Alex Williamson <alex.williamson@xxxxxxxxxx> · Thu, 10 Feb 2022 09:48:11 -0700

On Tue, 8 Feb 2022 22:39:18 -0400
Jason Gunthorpe <jgg@xxxxxxxxxx> wrote:

> On Tue, Feb 08, 2022 at 05:08:01PM -0700, Alex Williamson wrote:
> > > @@ -477,10 +499,34 @@ static int mlx5vf_pci_get_device_state(struct vfio_device *vdev,
> > >  
> > >  	mutex_lock(&mvdev->state_mutex);
> > >  	*curr_state = mvdev->mig_state;
> > > -	mutex_unlock(&mvdev->state_mutex);
> > > +	mlx5vf_state_mutex_unlock(mvdev);
> > >  	return 0;  
> > 
> > I still can't see why it wouldn't be a both fairly trivial to implement
> > and a usability improvement if the unlock wrapper returned -EAGAIN on a
> > deferred reset so we could avoid returning a stale state to the user
> > and a dead fd in the former case.  Thanks,  
> 
> It simply is not useful - again, we always resolve this race that
> should never happen as though the two events happened consecutively,
> which is what would normally happen if we could use a simple mutex.
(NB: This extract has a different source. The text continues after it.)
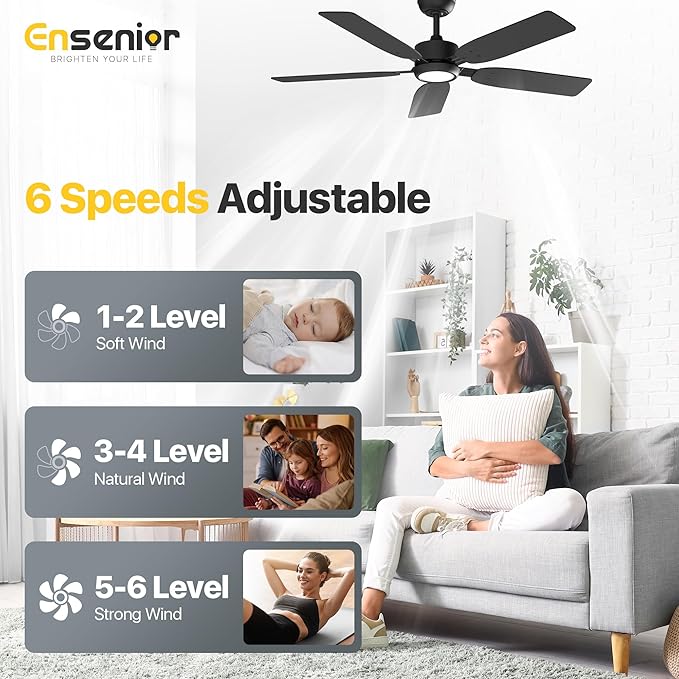 Ensenior 52 inch ceiling fan with light and remote, Noiseless Reversible DC Motor Fandelier Ceiling Fan, 6 Speeds, 3CCT, Black Modern Ceiling Fan for Bedroom and Living Room, 5 Dual-Finish Blades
We
> do not need to add any more complexity to deal with this already
> troublesome thing..

So walk me through how this works with QEMU, it's easy to hand-wave
userspace race and move on, but device reset can be triggered by guest
behavior while migration is supposed to be transparent to the guest.
These are essentially asynchronous threads where we're imposing a
synchronization point or lots of double checking in userspace whether
the device actually entered the state we think it did and if the
returned FD is usable.

Specifically, I suspect we can trigger this race if the VM reboots as
we're initiating a migration in the STOP_COPY phase, but that's maybe
less interesting if we expect the VM to be halted before the device
state is stepped.  More interesting might be how a PRE_COPY transition
works relative to asynchronous VM resets triggering device resets.  Are
we serializing all access to reset vs this DEVICE_FEATURE op or are we
resorting to double checking the device state, and how do we plan to
re-initiate migration states if a VM reset occurs during migration?
Thanks,

Alex